Hey, y'all! Another week down, another Weigh in Wednesday post to share with you. A few new things going on this week...like the #TakeTheLeap 30 days of yoga challenge with Prana and Fit Approach! This is day 3. So far so good I think. I really am enjoying it and will update more about that later.
Also, I've been doing PiYo for a couple days. It's a BeachBody home workout which usually I suck at doing but since my gym buddy is off on a cruise this week I thought I'd try it out, and I think I'm in love. It's a mix of yoga and pilates. Low impact = no jumping around. Happy knees and happy floors since the house is on a crawl space and gets a little shaky when you jump. I did the PiYo core workout first and felt like I wasn't really doing anything. I was sure I did it all wrong and wasted my 30 minutes...until the next day. I definitely felt it! And again with the PiYo Sculpt workout. Add that to the yoga I've been doing. I think it's a good thing. Right now Im just borrowing the DVDs from a friend but think I need to buy my own now! These workouts would definitely do great mixed with the 21 Day Fix dvds I have.
As for my weekly weigh in...drumroll please... 179. No change. That seems to be my entire year.
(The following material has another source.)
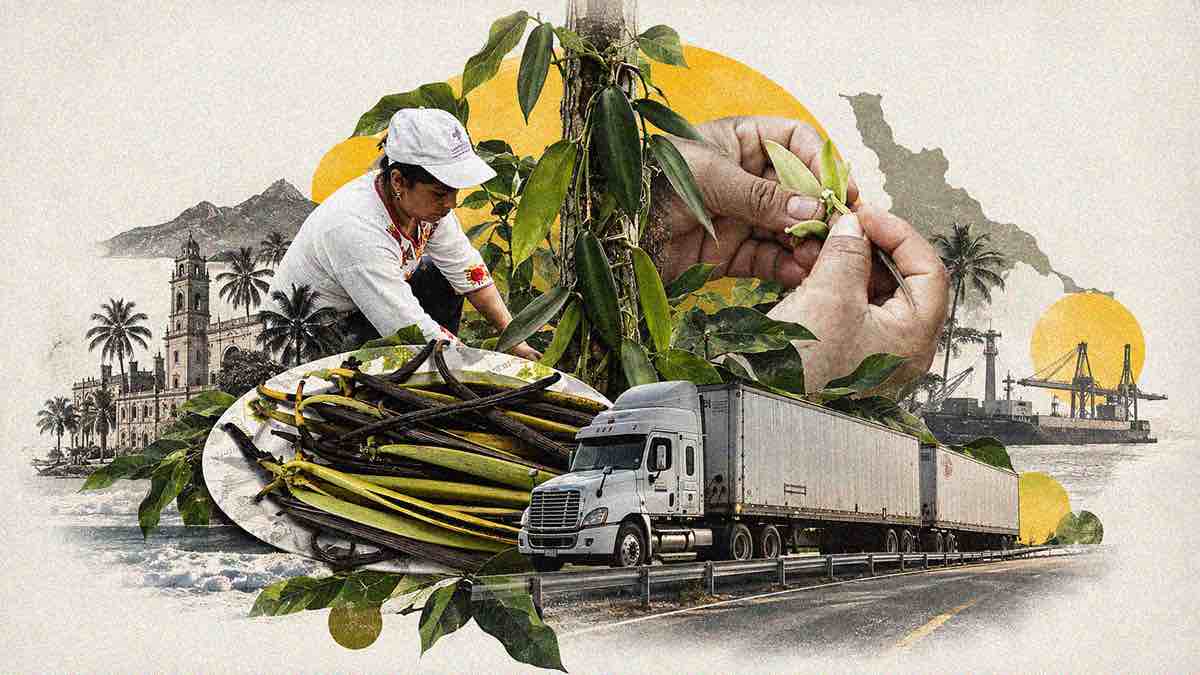 Papantla, donde alguna vez presumieron ser “la ciudad que perfuma al mundo”, los productores de vainilla ahora hablan de robos y amenazas | Especial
I realized that a year ago I took my original 'Before' photos so I took another set yesterday in the same clothes. Aside from being a lot less tan I still look exactly the same, weight about the same, and my measurements are close to the same. Dang. So last year was all about maintenance it seems, so this year will be the year to do something more.
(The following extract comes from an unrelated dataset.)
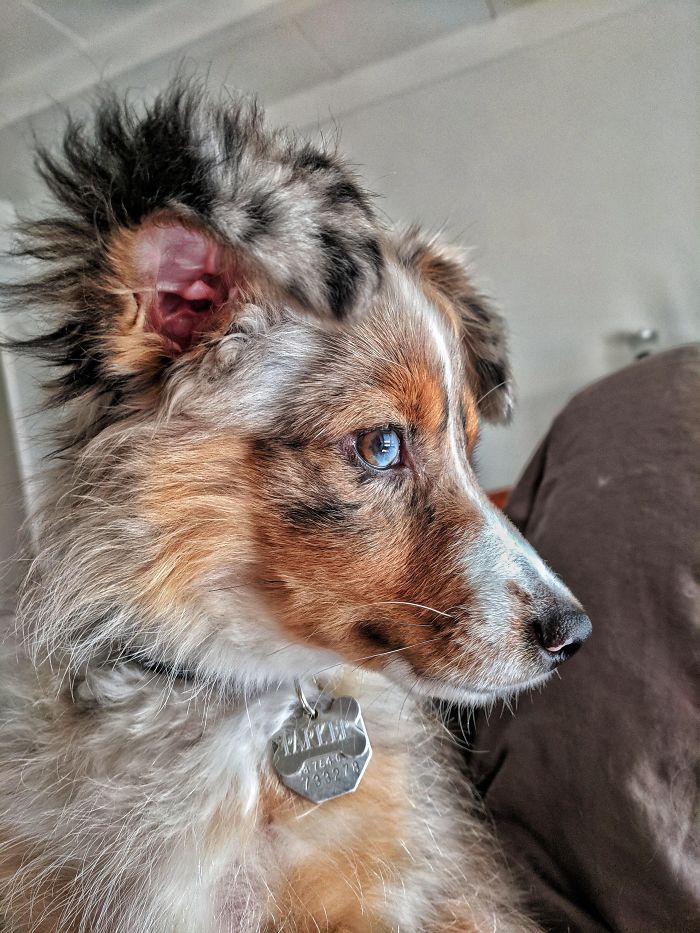 Cute puppy with blue eyes and fluffy fur wearing a collar, looking attentively to the side.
The clean eating challenge I was doing last week is done and I think I did ok. Not 100% perfect but I didn't go into it thinking I would be. I'm looking to find a balance that can be a lifetime change...not a crash diet. The whole goal is to eat better every day so when I do want to have cupcakes at a birthday party and a slice (or 2) of pizza I can without feeling guilty because I know the rest of the time I do a whole lot better. It's all about moderation. As soon as I tell myself I *cant* have something Im going to crave it and eventually binge on it until I forget I was ever trying to eat well. It does feel good to pay attention to what Im eating and put some effort into it. I actually feel a lot happier when I am consciously taking care of myself instead of just not caring.
So, that's where I'm at. I'm enjoying some new workouts, learning some yoga poses, continuing to eat mostly clean foods, and not losing any weight. Hopefully changing up the workouts helps that last bit.